Work instruction »
Find the line containing "على شهداء العريش" in the entries below. Restate it and each line after it, word for word, up to and including the line containing "כמו בשואה: המכתב שחמאס אילץ את החטופות לכתוב".

Supplied material »

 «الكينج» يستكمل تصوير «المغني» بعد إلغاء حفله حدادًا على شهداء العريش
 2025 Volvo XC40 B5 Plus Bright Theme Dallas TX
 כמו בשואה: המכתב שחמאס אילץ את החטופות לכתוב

---

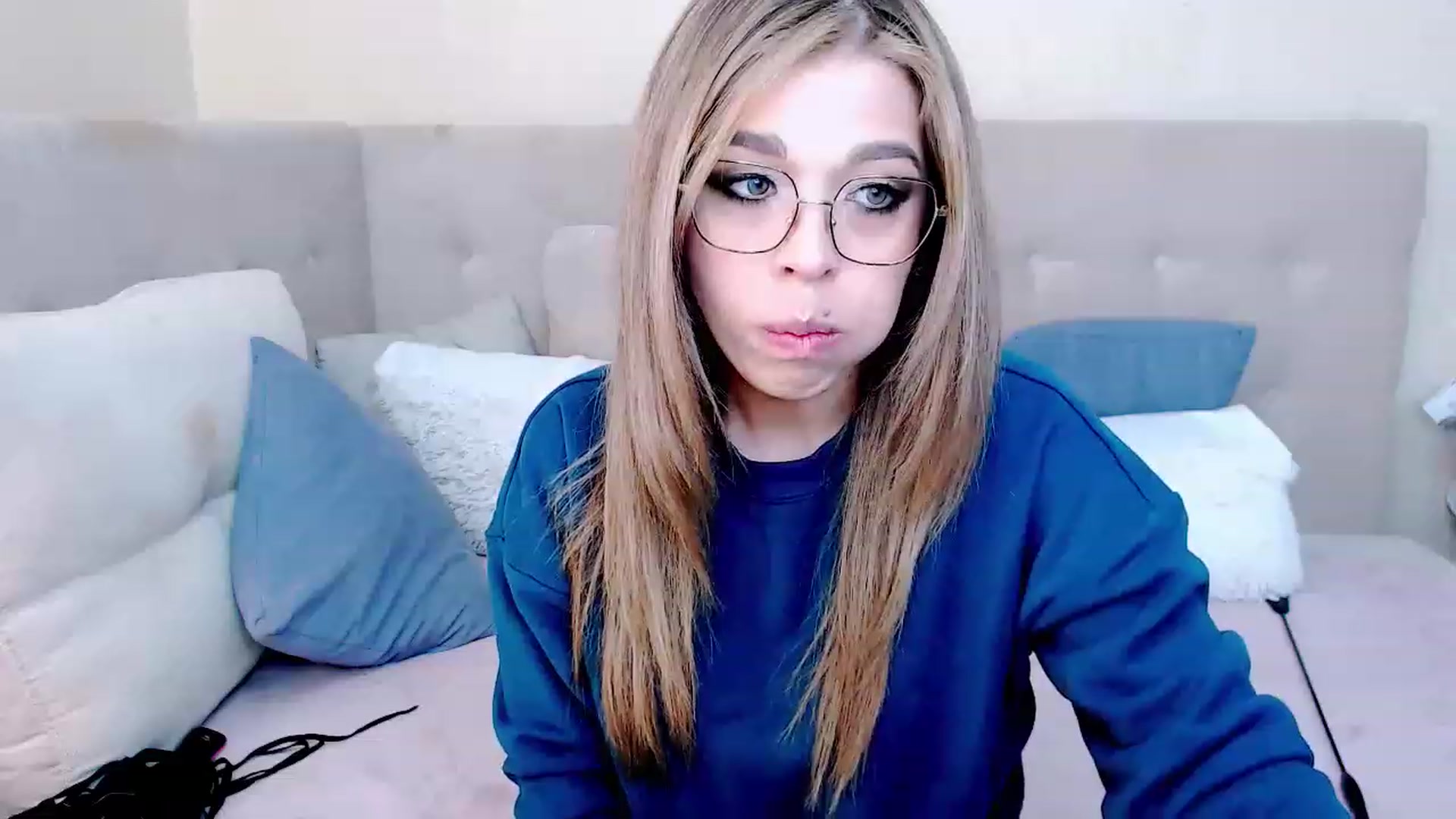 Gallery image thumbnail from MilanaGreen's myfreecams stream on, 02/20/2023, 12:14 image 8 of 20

...

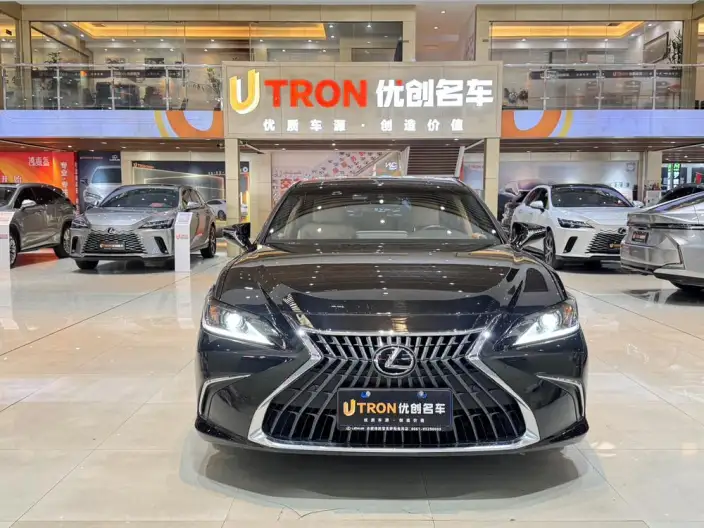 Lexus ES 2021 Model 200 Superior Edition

Answer for this exercise »
 «الكينج» يستكمل تصوير «المغني» بعد إلغاء حفله حدادًا على شهداء العريش
 2025 Volvo XC40 B5 Plus Bright Theme Dallas TX
 כמו בשואה: המכתב שחמאס אילץ את החטופות לכתוב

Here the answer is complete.